Without including any images, set down the records below exactly.

GIVEN DATA section start

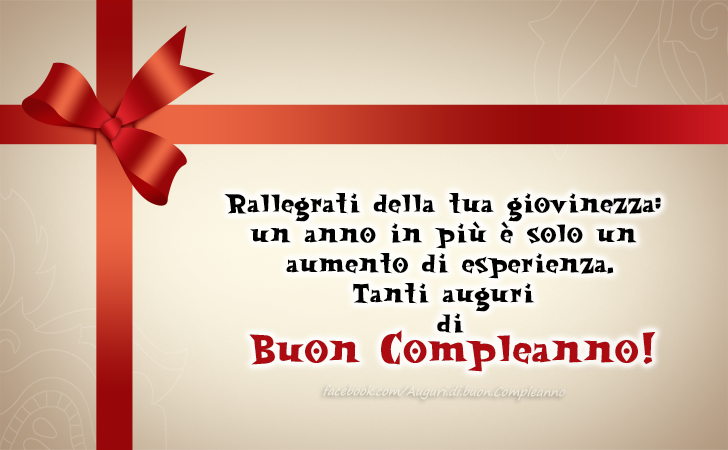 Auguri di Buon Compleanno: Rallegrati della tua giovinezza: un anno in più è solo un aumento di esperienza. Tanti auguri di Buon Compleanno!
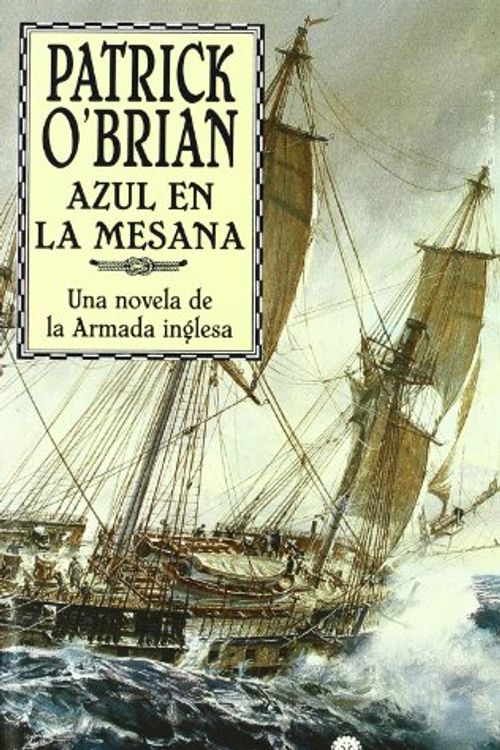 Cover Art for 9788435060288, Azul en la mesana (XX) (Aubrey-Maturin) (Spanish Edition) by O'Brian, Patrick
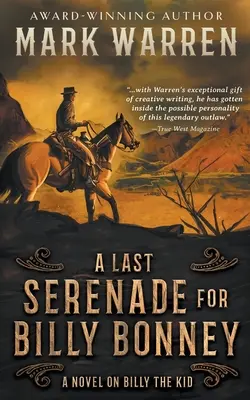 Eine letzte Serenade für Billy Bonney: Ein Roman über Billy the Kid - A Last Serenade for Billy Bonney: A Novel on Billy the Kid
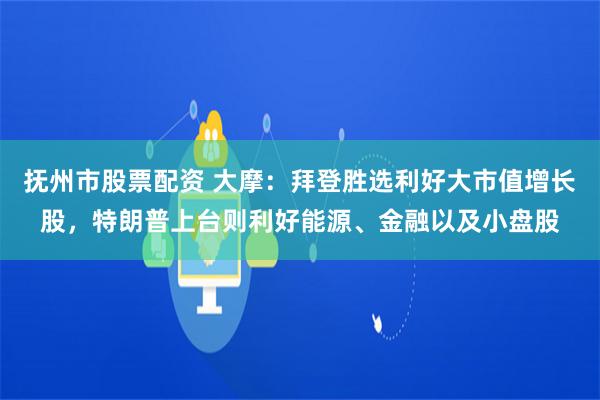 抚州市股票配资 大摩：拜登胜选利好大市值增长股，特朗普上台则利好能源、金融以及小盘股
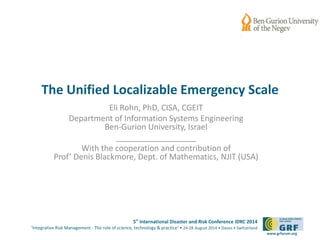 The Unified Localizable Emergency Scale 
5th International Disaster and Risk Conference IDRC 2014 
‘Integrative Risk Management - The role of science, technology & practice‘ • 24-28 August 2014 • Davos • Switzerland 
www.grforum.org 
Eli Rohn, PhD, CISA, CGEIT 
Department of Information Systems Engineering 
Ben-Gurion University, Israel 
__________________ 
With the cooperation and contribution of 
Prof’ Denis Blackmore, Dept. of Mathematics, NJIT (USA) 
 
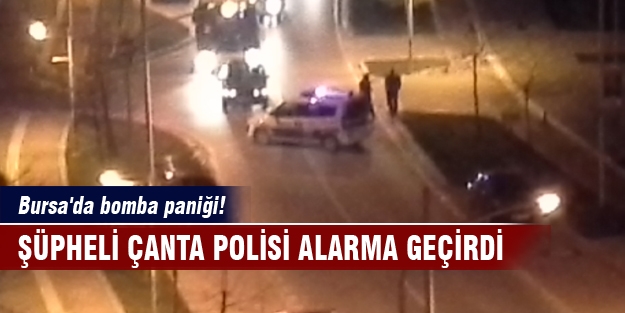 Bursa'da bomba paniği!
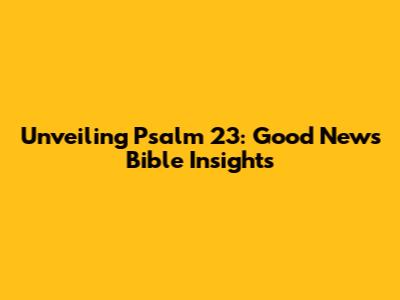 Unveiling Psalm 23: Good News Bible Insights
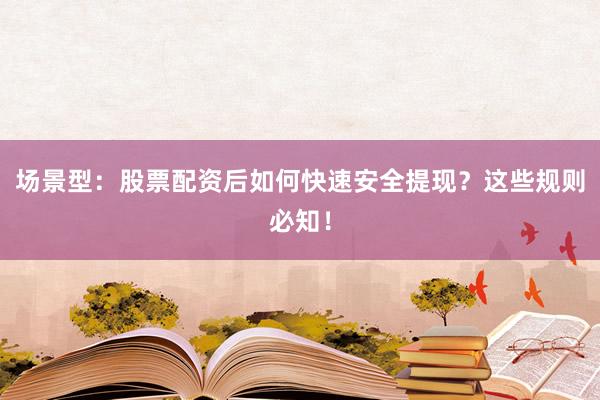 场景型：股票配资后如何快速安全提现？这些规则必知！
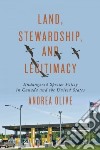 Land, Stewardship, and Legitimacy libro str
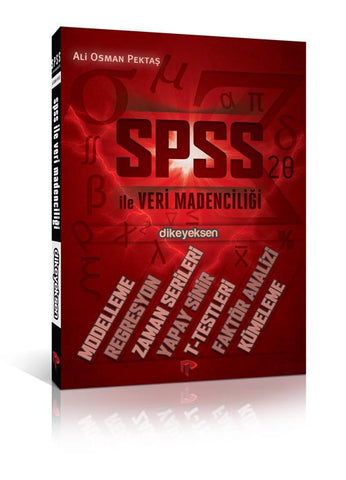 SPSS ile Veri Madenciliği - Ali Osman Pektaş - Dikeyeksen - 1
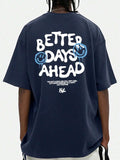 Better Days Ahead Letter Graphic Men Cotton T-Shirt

GIVEN DATA section end

RESPONSE AREA -
 Auguri di Buon Compleanno: Rallegrati della tua giovinezza: un anno in più è solo un aumento di esperienza. Tanti auguri di Buon Compleanno!
 Cover Art for 9788435060288, Azul en la mesana (XX) (Aubrey-Maturin) (Spanish Edition) by O'Brian, Patrick
 Eine letzte Serenade für Billy Bonney: Ein Roman über Billy the Kid - A Last Serenade for Billy Bonney: A Novel on Billy the Kid
 抚州市股票配资 大摩：拜登胜选利好大市值增长股，特朗普上台则利好能源、金融以及小盘股
 The Unified Localizable Emergency Scale 
5th International Disaster and Risk Conference IDRC 2014 
‘Integrative Risk Management - The role of science, technology & practice‘ • 24-28 August 2014 • Davos • Switzerland 
www.grforum.org 
Eli Rohn, PhD, CISA, CGEIT 
Department of Information Systems Engineering 
Ben-Gurion University, Israel 
__________________ 
With the cooperation and contribution of 
Prof’ Denis Blackmore, Dept. of Mathematics, NJIT (USA) 
 
 Bursa'da bomba paniği!
 Unveiling Psalm 23: Good News Bible Insights
 场景型：股票配资后如何快速安全提现？这些规则必知！
 Land, Stewardship, and Legitimacy libro str
 SPSS ile Veri Madenciliği - Ali Osman Pektaş - Dikeyeksen - 1
 Better Days Ahead Letter Graphic Men Cotton T-Shirt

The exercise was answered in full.